For the first time ever, an exhibition devoted to influential Renaissance artist Donatello takes place in Berlin.

Image credit: Donatello, Maria mit dem Kind (Mantel-Madonna), um 1415, Terrakotta, ursprünglich bemalt, © Staatliche Museen zu Berlin, Skulpturensammlung und Museum für Byzantinische Kunst / Antje Voigt

A few years after the black death had cut 14th century Europe’s population in half, the continent, unexpectedly, sprang back into life. Prosperous Italian merchants began spending exorbitantly on art and architecture, prompting a surge of interest in classical values and scholarship.
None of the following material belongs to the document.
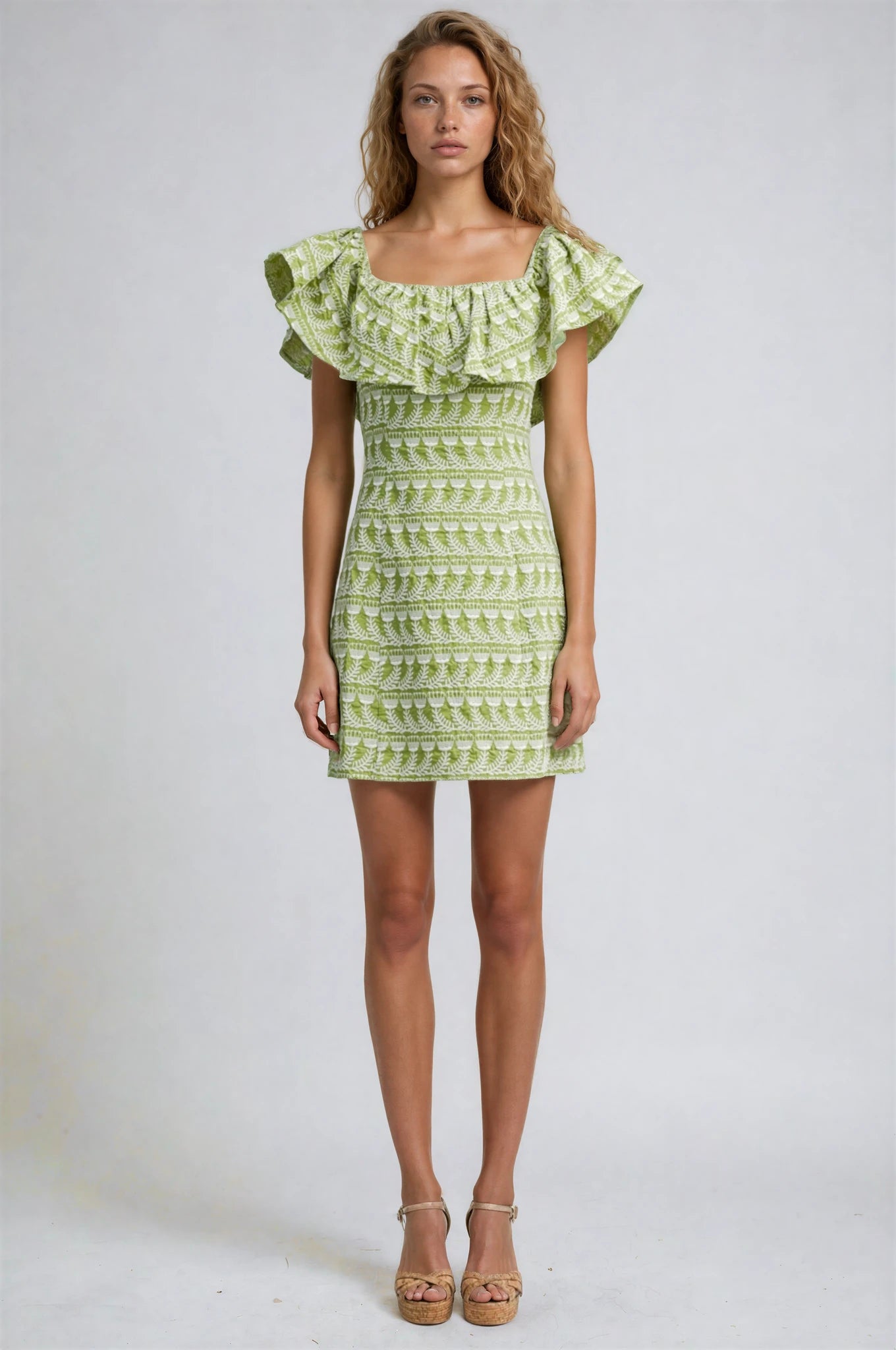 Woman wearing a green patterned dress on a white background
Artists started to move away from the idealised generic style of the Middle Ages to embrace a fresh liberated expression, that was more personal and representative of the modern self. At the vanguard of this movement was the Florence-born Donatello, who encapsulated this fresher, more contemporary Renaissance style.

Through Donatello’s art, you discover the world, you discover yourself and you finally understand what the Renaissance really means.

“He brought the idea of individualism,” says Neville Rowley, the curator of the upcoming exhibition, Donatello: Founder of the Renaissance at the Gemäldegalerie. With Donatello “came the idea of creating realistic sculptures, characters, postures and faces”.

A revival of interest in Florence at the time, in mathematics and architecture inspired Donatello to become one of the first artists to master single point perspective, giving his figures a precise anatomical correctness.

Born in 1386, his life seems to be a contradiction; considered by some to be illiterate, or at least not educated in ancient Greek or Latin, he was nonetheless a diligent student of classical sculpture. “It was said he was not interested in anything but doing his job,” says Rowley, who has been researching the artist for close to a decade.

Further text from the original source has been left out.